Need to Know: Satya's Microsoft

Devices and services is here to stay

After six months of speculation and rumors, Microsoft this month finally announced that it had selected Satya Nadella as its next CEO, replacing Steve Ballmer. But who is Satya Nadella, and are there any clues –in his decades of experience at the software giant or otherwise—to suggest whether he'll toe the line on "devices and services" or plot a new path for the world's largest maker of software?

A cursory examination of Mr. Nadella's resume shows that he hails from Hyderabad, India, has serious education credentials—including an engineering bachelor's degree, a master's in computer science, and a second master's degree in business administration—and worked at Sun Microsystems before joining Microsoft in 1992. But this early experience will almost certainly have less impact on his leadership tendencies than will his two decades at Microsoft.

During this time, he experienced firsthand both the firm's epic crest of the Windows 95 wave and the subsequent falls to antitrust rulings and faster-moving competitors in new markets. That's important because the new Microsoft—the reimagined Microsoft, if you will—is seeking to establish itself anew in a computing world that's driven by highly mobile devices on the client side and online services on the back end, the modern equivalents to the PC and server computing products that Microsoft previously rode to fame and fortune.

Also important are his experiences with an amazingly wide swath of Microsoft during his 22 years at the company.
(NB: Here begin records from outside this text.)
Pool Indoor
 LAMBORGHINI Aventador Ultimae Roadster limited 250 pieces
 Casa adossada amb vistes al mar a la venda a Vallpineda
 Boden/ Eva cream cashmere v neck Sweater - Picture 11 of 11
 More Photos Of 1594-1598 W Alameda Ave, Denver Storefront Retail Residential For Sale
Starting off as a program manager in Windows Developer Relations, Nadella then moved on to the firm's interactive TV (ITV) and digital rights management (DRM) efforts and later joined the Commerce Platforms Group as general manager, where he led the development of Microsoft Commerce Server and BizTalk Server. He was senior vice president of research and development for the Online Services Division (Search, MSN, and Advertising), then vice president of the Microsoft Business Division (Office).

Where he really found his footing, however, was with the Server business. Nadella became president of Server & Tools in early 2011 and pushed the business to move from its on-premises roots to cloud services. This culminated in the release of the so-called "Cloud OS," which wasn't an actual product per se, but rather an ad hoc collection of on-premises and cloud-based solutions that corporate customers could combine as needed to create their own cloud infrastructures, be they private, public, or some combination. With Microsoft's transition to devices and services, Nadella moved into a new executive vice-president role of the Server & Tool division's successor, called the Cloud & Enterprise Group.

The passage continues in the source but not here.